At the time of writing, sodium aluminosilicate (AKA sodium silicoaluminate, E-554, or just "anti-caking agent" - by far the most common in salt and probably the least expensive) costs about $35/kg. Here is one source.
You can easily find sea salt or table salt for $1/lb ($2.20/kg) or even as low as $1/kg if you buy in bulk. And this is retail, not wholesale.
So, using anti-caking agents as "filler" - not a very shrewd business move.
Even if a distributor wanted to waste enormous amounts of cash putting unnecessary amounts of anti-caking agent in salt, regulations don't allow it. The FDA, and most other international food agencies, limit the amount of anti-caking agent to 2% by weight (except in baking powder).

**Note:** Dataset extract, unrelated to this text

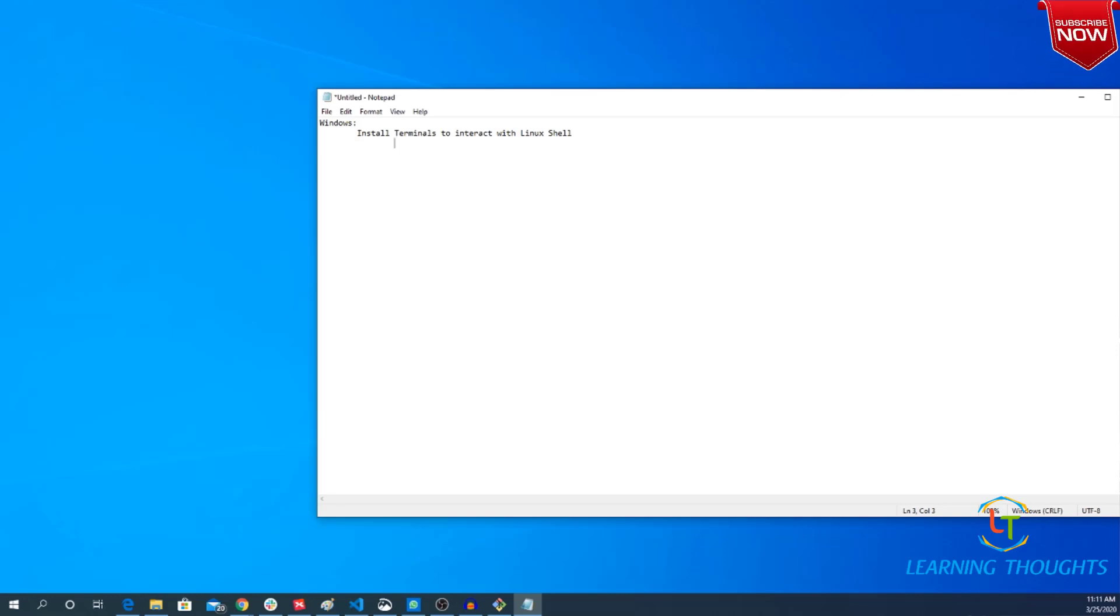So there is something called Git Bash. There is something called PuTTY. There is something called Cygwin. But throughout this series I will be using Git Bash.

2% - trust me, that's not going to make it taste any different. It's all in your head.
I can personally attest to the effectiveness of anti-caking agents in salt because I have purchased sea salt in the past without it - fine sea salt in one of those cardboard boxes with a tiny metal spout. I could never get it out of the box; I had to jam a knife inside to break it apart first, and even then it was difficult. And this is in Ontario, in the wintertime, when it's dry enough to get painful shocks from petting the cat.
Most likely, the reason you never had a problem with salt caking is that you were using salt with anti-caking agent. Maybe you didn't happen to look at the ingredients (it is salt, after all) or maybe they didn't list it - not every jurisdiction requires it as long as it's under the regulated limit.